## Monday, September 1, 2014

### Lights out and Matrices over Z_2

A couple days ago, one of my friends challenged me to solve a riddle posted by spanish newspaper El País. The riddle consisted in explaining why in a 24x24 board, there are impossible configurations of the game Lights Out (you can play it here)

• the first one was to find an impossible configuration, that is, a configuration of lit squares on the board that was impossible to reach starting from a dark board (equivalently, a starting configuration for which you can't turn the lights out).
• the second was to show that at least half of the possible configurations on the board are impossible.
The first part requires a bit of trial and error, but one can find it. The second part obviously implies the first, and also is more interesting.

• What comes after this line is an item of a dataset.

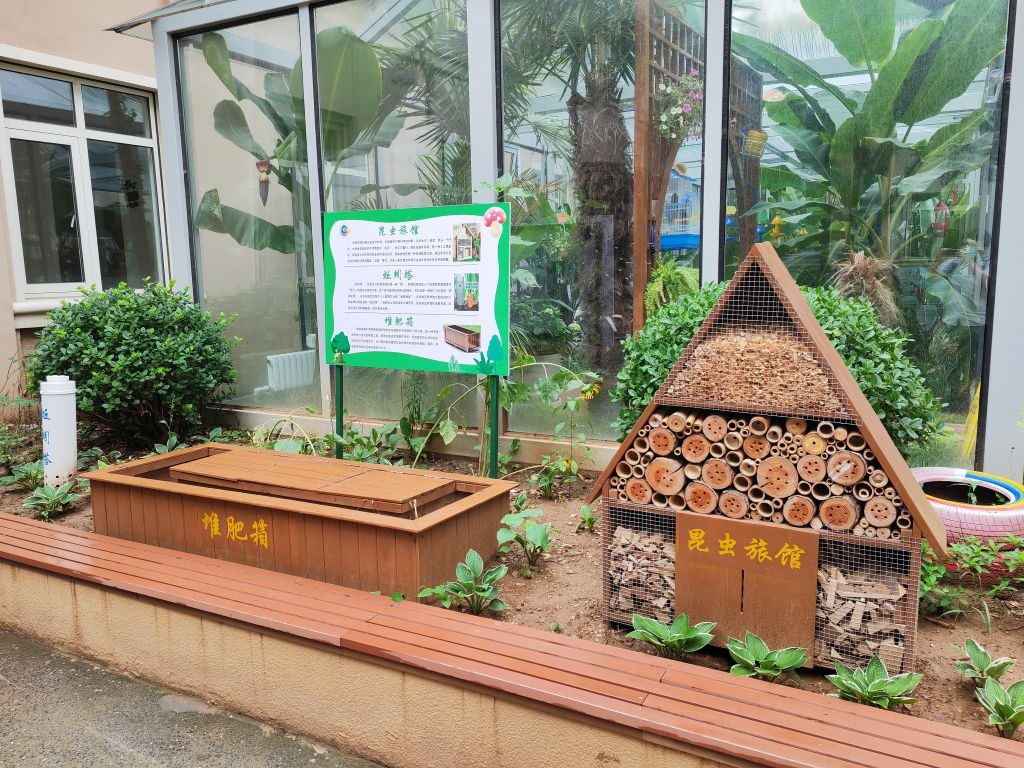 7月14日，大連市甘井子區(qū)實驗小學(xué)“識嫣園”里的堆肥箱。新華社記者張博群攝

One trick to attack the problem is to think about it in the general case, on a $n\times n$ board. You quickly realize that the $1\times 1$, $2\times 2$, and $3\times 3$ have no impossible configurations, that is, you can reach any configuration starting from a dark board.

Why is 24 so special then? First of all, notice that since the squares only have two states (on or off), the only thing that determines the state of a square is the parity of the number of times that it has been pushed. More over, we can reduce this to either 0 or 1.

Checking the above set up, one can see that pressing the squares with 1's, we end up with a dark board when $n=4$. Hence, there are two different pushing patterns (this and all 0's) which lead to a dark board. This means that every possible configuration of lights can be achieve at least twice with different pushing patterns (adding the above pushing pattern to any other will make to end up with the same light configuration).

Thus the $4\times 4$ case is the first one to have impossible configurations, and actually, at most half of the possible light configurations are possible.

It is not difficult to see that this pattern can be used to treat bigger boards.

For example, the above configuration with lead to a dark $9\times 9$ board. In general, this is possible for $n=5k+4$. Therefore $n=24$ will have the same behavior.

Now, this whole thing smells a lot like linear transformations of vector spaces. And indeed, a nice way to attack the problem is using this language.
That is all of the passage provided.